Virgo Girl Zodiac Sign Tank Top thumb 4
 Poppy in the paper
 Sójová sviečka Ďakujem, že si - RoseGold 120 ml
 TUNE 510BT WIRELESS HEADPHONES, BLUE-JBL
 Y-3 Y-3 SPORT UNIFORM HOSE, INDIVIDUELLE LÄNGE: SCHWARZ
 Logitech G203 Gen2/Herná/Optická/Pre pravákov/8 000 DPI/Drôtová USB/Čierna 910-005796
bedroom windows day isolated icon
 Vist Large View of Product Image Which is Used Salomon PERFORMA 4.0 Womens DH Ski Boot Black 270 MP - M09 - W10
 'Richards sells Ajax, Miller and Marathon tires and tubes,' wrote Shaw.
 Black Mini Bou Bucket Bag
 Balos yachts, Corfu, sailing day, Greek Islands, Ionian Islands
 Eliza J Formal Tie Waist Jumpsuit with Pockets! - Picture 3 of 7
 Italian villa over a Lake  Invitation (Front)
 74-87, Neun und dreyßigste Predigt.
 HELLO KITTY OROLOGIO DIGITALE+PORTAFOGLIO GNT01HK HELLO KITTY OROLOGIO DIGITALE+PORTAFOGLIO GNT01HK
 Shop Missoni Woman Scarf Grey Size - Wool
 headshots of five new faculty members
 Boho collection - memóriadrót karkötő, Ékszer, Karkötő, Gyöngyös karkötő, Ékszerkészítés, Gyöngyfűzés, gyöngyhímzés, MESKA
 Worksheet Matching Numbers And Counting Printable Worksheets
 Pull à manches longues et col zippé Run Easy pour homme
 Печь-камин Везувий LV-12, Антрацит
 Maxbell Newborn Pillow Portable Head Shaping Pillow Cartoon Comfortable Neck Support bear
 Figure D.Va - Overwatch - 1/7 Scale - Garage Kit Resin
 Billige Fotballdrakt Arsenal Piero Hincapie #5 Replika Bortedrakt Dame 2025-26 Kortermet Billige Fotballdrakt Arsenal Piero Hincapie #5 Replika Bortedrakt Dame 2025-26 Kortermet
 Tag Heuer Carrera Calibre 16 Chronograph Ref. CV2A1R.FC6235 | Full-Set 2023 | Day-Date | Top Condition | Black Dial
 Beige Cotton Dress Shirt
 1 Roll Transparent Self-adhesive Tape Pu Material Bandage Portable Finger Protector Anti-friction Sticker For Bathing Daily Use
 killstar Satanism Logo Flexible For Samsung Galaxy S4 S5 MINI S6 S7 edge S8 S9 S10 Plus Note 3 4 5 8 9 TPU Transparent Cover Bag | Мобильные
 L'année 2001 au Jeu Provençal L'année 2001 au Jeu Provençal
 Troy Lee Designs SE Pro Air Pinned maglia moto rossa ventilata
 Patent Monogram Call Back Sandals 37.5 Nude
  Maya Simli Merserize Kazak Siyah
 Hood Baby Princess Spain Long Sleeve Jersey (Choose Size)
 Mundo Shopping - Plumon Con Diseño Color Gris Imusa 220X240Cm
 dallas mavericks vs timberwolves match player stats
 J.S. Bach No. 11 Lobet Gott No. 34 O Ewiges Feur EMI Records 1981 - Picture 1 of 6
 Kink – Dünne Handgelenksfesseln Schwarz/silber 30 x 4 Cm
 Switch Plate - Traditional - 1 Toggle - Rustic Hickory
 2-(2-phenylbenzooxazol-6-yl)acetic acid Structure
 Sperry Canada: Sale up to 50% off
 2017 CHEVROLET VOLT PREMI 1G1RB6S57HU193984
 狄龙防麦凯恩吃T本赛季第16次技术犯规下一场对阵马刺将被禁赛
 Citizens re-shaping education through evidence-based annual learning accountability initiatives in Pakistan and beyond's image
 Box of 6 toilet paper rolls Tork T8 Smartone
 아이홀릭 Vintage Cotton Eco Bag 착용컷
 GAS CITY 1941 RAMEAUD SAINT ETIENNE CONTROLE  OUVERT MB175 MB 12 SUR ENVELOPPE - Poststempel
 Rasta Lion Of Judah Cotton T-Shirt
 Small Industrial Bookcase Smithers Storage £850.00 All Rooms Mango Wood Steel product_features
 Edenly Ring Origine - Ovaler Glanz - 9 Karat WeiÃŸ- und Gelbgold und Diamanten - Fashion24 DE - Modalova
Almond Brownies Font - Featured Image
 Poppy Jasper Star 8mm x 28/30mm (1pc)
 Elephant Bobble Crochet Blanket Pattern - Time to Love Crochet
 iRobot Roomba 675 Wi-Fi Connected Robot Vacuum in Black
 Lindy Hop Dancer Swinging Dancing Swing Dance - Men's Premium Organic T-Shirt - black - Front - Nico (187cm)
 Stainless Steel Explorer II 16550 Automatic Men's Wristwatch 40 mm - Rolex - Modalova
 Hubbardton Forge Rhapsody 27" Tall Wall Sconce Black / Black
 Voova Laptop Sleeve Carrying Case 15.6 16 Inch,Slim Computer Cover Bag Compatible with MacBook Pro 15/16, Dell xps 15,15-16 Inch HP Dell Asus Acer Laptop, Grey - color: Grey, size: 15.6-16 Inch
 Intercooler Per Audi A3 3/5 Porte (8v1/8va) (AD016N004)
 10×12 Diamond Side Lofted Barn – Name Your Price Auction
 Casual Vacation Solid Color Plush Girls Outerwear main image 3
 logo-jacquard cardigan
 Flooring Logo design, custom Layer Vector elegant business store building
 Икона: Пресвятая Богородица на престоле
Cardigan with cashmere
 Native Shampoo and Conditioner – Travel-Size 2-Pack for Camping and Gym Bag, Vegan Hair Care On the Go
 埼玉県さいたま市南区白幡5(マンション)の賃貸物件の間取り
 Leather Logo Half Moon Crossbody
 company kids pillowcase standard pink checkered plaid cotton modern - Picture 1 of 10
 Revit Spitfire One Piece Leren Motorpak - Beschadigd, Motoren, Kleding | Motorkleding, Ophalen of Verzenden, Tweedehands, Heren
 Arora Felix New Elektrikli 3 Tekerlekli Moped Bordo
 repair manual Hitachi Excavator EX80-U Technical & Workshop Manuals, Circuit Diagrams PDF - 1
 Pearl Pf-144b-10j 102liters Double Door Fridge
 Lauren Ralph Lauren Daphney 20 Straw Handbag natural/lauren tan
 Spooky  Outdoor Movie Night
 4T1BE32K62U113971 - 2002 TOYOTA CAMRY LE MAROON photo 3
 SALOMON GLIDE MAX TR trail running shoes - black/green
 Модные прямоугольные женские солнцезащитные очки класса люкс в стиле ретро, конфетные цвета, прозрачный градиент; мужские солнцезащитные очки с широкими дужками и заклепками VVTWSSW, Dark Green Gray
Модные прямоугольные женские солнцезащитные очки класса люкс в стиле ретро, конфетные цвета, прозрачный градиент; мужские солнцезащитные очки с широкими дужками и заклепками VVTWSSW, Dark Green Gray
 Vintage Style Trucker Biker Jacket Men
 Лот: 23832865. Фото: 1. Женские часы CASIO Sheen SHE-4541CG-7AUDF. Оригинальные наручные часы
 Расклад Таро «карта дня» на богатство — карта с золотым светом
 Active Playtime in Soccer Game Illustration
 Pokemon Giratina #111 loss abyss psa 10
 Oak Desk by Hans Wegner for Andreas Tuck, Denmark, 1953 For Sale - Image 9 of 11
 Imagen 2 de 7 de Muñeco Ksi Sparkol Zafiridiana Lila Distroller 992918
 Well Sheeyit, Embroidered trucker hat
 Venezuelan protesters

EXERCISE BRIEF: Could you report every line of the material that contains the string "солнцезащитные"?

RESPONSE TO THE TASK:
 Модные прямоугольные женские солнцезащитные очки класса люкс в стиле ретро, конфетные цвета, прозрачный градиент; мужские солнцезащитные очки с широкими дужками и заклепками VVTWSSW, Dark Green Gray
Модные прямоугольные женские солнцезащитные очки класса люкс в стиле ретро, конфетные цвета, прозрачный градиент; мужские солнцезащитные очки с широкими дужками и заклепками VVTWSSW, Dark Green Gray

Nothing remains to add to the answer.